19th May 2025 08:32
(Alliance News) - Diageo PLC on Monday reported third-quarter sales growth and reaffirmed its full-year guidance, while unveiling the first phase of a new operating strategy focused on boosting cash generation and streamlining costs.
The London-based drinks maker, owner of Johnnie Walker whisky and Guinness stout, said reported net sales in the three months to March 31 rose 2.9% year-on-year to USD4.38 billion from USD4.25 billion.
On an organic basis, net sales grew 5.9%, with a 2.8% rise in volume and 3.1% improvement in price/mix.
Growth was strongest in Latin America and the Caribbean, where organic net sales jumped 29%, and in Africa, which rose 10%. North America posted a 6.2% organic increase, while Asia Pacific grew 1.6%. Europe, however, saw a slight organic decline of 0.4%.
Diageo said favourable shipment timing contributed around four percentage points to group organic growth, particularly in North America.
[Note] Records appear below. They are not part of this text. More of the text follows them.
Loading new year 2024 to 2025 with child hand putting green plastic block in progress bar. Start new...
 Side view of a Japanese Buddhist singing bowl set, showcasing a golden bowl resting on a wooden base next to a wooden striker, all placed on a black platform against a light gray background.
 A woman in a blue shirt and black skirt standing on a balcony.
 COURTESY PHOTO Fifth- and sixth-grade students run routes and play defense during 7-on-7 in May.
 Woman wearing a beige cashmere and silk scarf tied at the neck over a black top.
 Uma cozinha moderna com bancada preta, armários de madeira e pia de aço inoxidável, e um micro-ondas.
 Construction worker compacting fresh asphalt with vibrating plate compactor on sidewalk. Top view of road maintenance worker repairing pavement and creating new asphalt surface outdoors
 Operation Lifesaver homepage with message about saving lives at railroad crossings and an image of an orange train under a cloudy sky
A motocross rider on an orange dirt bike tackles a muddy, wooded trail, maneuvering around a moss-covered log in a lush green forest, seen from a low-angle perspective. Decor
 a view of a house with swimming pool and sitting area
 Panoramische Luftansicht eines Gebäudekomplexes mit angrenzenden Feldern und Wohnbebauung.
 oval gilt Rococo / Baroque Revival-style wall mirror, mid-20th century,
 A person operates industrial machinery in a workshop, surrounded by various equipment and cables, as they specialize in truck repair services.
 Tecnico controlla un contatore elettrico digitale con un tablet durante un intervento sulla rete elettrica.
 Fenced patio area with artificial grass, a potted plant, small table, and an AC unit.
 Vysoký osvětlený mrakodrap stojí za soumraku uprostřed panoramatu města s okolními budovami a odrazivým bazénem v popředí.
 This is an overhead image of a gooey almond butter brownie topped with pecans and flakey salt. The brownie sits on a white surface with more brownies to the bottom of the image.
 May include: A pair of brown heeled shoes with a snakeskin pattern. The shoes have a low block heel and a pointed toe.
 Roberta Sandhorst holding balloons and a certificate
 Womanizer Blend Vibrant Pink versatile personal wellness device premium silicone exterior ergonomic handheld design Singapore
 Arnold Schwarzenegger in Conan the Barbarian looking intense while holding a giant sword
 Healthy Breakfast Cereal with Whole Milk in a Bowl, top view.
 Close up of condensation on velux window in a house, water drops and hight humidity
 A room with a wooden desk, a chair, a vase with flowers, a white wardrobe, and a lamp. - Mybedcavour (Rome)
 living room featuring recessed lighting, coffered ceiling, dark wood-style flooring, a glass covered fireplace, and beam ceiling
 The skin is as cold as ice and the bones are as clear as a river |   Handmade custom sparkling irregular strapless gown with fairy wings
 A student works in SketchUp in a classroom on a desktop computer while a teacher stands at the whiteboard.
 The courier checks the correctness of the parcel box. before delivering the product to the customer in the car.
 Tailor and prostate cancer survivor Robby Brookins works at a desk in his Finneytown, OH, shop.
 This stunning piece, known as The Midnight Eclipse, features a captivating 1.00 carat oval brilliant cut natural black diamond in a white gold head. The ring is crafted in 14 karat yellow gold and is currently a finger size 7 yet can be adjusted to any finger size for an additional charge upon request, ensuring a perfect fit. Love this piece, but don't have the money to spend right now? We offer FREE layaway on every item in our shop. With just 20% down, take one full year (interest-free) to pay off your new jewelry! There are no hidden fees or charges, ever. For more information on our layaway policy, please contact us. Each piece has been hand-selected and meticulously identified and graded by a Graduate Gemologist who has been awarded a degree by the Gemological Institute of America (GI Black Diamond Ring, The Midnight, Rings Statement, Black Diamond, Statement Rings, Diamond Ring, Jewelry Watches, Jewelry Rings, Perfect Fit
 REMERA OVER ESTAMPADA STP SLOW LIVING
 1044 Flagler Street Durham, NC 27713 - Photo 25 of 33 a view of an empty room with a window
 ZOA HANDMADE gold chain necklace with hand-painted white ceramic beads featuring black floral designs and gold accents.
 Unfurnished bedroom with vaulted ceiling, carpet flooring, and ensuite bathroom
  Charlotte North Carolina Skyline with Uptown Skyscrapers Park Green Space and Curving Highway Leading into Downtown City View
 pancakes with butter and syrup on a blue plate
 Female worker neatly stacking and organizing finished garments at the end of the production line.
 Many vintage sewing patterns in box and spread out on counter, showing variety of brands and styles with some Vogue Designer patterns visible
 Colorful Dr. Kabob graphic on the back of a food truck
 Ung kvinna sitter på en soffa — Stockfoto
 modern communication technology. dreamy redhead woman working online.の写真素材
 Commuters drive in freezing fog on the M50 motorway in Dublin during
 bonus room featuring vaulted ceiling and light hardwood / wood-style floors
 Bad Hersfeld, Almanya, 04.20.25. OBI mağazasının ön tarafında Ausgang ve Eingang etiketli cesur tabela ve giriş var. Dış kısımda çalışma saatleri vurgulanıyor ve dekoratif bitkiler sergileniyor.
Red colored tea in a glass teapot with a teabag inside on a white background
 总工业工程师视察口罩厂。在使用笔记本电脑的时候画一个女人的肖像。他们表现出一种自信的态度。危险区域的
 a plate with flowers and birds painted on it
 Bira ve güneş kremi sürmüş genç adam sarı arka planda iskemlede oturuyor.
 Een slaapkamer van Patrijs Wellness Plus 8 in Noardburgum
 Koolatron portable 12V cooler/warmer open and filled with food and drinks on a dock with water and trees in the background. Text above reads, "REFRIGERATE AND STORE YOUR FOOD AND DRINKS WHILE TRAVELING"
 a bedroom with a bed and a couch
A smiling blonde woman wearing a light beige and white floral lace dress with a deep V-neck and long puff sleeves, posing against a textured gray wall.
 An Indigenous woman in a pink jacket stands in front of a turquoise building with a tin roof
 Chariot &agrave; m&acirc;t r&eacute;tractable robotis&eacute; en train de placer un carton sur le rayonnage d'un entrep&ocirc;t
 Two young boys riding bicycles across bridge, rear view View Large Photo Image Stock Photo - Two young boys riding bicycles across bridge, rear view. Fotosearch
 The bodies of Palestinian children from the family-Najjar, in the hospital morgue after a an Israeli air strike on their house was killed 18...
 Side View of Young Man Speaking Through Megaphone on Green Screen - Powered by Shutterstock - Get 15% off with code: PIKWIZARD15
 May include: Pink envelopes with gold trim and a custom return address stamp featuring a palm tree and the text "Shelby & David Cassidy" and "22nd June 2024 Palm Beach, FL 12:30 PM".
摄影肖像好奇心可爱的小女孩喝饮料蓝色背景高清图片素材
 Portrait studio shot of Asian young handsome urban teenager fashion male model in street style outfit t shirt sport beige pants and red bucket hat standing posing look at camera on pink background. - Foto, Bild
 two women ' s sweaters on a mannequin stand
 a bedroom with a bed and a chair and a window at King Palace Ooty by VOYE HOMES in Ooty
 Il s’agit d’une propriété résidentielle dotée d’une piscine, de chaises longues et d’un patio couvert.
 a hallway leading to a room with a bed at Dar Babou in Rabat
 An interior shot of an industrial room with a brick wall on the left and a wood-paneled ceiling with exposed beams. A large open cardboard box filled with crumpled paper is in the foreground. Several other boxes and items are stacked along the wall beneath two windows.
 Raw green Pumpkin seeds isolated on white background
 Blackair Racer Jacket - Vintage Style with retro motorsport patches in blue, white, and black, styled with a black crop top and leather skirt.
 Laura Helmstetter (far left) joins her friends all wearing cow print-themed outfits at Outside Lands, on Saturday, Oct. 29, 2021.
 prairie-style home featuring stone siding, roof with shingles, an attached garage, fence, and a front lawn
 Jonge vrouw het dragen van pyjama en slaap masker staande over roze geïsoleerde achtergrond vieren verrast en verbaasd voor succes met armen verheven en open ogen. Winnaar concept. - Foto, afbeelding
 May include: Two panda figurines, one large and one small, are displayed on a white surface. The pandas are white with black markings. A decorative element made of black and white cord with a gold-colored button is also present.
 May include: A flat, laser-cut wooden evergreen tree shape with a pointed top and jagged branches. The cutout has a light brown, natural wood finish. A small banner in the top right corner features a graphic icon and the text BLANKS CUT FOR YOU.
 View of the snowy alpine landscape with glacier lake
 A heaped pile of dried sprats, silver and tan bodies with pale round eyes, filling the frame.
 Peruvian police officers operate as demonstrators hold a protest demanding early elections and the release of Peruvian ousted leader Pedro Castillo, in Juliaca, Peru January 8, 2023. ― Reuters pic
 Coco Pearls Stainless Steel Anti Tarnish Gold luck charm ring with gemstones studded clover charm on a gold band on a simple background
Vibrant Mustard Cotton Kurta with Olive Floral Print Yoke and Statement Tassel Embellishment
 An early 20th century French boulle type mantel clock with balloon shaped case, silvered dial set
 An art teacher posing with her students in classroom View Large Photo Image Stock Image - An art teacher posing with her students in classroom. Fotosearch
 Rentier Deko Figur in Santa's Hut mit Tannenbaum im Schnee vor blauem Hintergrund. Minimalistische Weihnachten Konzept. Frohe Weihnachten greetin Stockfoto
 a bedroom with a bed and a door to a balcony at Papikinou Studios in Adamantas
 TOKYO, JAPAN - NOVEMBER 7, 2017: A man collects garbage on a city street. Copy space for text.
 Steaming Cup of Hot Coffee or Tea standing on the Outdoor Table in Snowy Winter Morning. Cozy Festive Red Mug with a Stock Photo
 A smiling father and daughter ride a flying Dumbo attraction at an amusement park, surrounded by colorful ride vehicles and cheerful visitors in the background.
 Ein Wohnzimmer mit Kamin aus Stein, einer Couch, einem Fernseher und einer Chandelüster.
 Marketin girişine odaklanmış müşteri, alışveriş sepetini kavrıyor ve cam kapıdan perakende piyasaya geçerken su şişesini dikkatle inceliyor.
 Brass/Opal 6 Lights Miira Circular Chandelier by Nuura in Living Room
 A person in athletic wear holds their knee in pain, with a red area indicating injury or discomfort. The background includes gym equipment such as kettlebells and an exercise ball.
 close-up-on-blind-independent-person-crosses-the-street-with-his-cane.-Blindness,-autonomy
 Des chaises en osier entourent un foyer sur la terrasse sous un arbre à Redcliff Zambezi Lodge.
This is expected to reverse in the fourth quarter.
For the nine months to March 31, reported net sales rose 0.4% year-on-year to USD15.28 billion, with organic growth of 2.4%.
Chief Executive Debra Crew said: "We delivered strong organic net sales growth and are on track to deliver on our guidance of sequential improvement in the second half of financial 2025.
"We continue to believe in the attractive long-term fundamentals of our industry and in our ability to outperform the market. We view the near-term industry pressure as largely macro-economic driven, with continued uncertainty impacting both the timing and pace of recovery."
The Don Julio tequila maker reiterated its guidance for financial 2025, maintaining expectations for mid-single-digit organic net sales growth, following a 0.6% decline in financial 2024, supported by an anticipated improvement in performance during the second half of the year.
The company also continues to forecast a slight decline in organic operating profit. In financial 2024, organic operating profit fell 4.8% to USD304 million. This outlook incorporates the expected impact of recently imposed US tariffs.
Diageo estimates the unmitigated effect of the 10% US tariff on UK and European spirits at around USD150 million annually but believes it can offset roughly half of that through existing measures. The company said its financial 2025 guidance includes these projected impacts, with further mitigation efforts ongoing.
On Monday, Diageo also unveiled the first phase of its 'Accelerate' programme – a strategy designed to enhance agility, efficiency, and financial performance.
The programme targets sustainable annual free cash flow of around USD3 billion from financial 2026, supported by a USD500 million cost savings initiative. Diageo expects this will enable both reinvestment and improved operating leverage. It aims to return to within its leverage range of 2.5x to 3.0x net debt to earnings before interest, tax, depreciation, and amortisation by financial 2028.
Looking ahead, Diageo continues to expect a sequential improvement in organic net sales growth in the second half of fiscal 2025 compared to the first. Full-year results will be published on August 5.
Shares in Diageo opened up 2.4% at 2,204.00 pence in London on Monday.